The common ground between Ted and Andy’s approach and my approach centered around establishing clear communications between team members, leadership and the rest of the organization. My focus was, is, and always will be getting clear, unambiguous, and exhaustive plain business language descriptions for every data element (at the attribute/field level) that has value to the broader organization because it has been my experience that the lack of these descriptions has been the single biggest hindrance to development projects moving quickly (Agile), while delivering results that have both tactical (project scope) and strategic (enterprise scope) value. A lengthy discussion of how that manifests itself is beyond the scope of this, but I’ll be happy to go into it later if there is any interest.
This distinction between “tactical value” and “strategic value” is key, for it is at the heart of why “technical debt” accumulates in enterprise data systems as the years and projects pass. Project teams (software development, software package implementation, etc…) are rarely (approaching “never”) measured against the “quality” to the Enterprise of the data that they capture, manipulate and present. The priority, invariably, is “Do the screens come up?”, does the application seem to perform the specific functionality that the sponsoring business unit desires? If so, victory is declared, cake is eaten, awards are handed out, promotions given and everyone moves on. The problem is that since expanding the discussion of the data elements in the scope of the project that might have a broader usefulness to other business units or even Enterprise-level reusability will take more time and delay the declaration of victory they are enthusiastically resisted by the project teams. They are operating at the level of “The Language of Management” which is very functionally specific (tactical in scope) to the business unit sponsoring the project.
Fast forward to Executive Leadership wanting to have a “Quote to Cash” dashboard. Now they are thinking in terms of the “Language of Leadership”. While the concepts in which they think are broader, they are made up of collections of finer-grained concepts that have all been formalized in un-integrated and typically poorly defined siloed “tactical” implementations. The process of properly identifying compatible/equivalent finer-grained data elements is excruciatingly slow and error prone. When external data sources/clients are thrown in as well as external systems needing to be integrated due to acquisition the mountain of technical debt becomes terrifying.

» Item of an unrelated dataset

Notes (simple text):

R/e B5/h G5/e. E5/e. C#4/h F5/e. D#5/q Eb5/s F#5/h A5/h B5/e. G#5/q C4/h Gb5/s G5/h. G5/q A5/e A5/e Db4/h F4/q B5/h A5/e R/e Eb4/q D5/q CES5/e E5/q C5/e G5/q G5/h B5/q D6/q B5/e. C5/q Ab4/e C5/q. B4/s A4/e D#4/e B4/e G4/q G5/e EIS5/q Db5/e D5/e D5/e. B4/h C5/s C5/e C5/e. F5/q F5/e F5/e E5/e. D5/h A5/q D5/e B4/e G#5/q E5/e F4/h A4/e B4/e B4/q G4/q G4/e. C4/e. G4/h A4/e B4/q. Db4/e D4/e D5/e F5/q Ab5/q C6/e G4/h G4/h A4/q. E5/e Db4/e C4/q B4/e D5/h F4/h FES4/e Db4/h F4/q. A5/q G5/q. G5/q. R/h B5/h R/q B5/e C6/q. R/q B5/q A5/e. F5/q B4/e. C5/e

Again, a detailed discussion of the path out of this quagmire is outside the scope of this piece, but at a high-level what must be done is the establishment of a “canonical” business glossary at the Language of Leadership level and then incrementally a “mapping” of those concepts to the underlying physical instantiations/representation (“Language of Management” terms). This “mapping” and the underlying definitions work that must be done is of immeasurable value to data scientists, business analysts, development teams (new development, new implementations, integrations, etc…), compliance folks and executive leadership. The challenge is that this isn’t some “silver bullet” piece of software that can be bought and turned on. It takes organizational understanding and executive leadership buy-in and sponsorship to create a culture of shared understanding and strategic priorities versus siloed victories.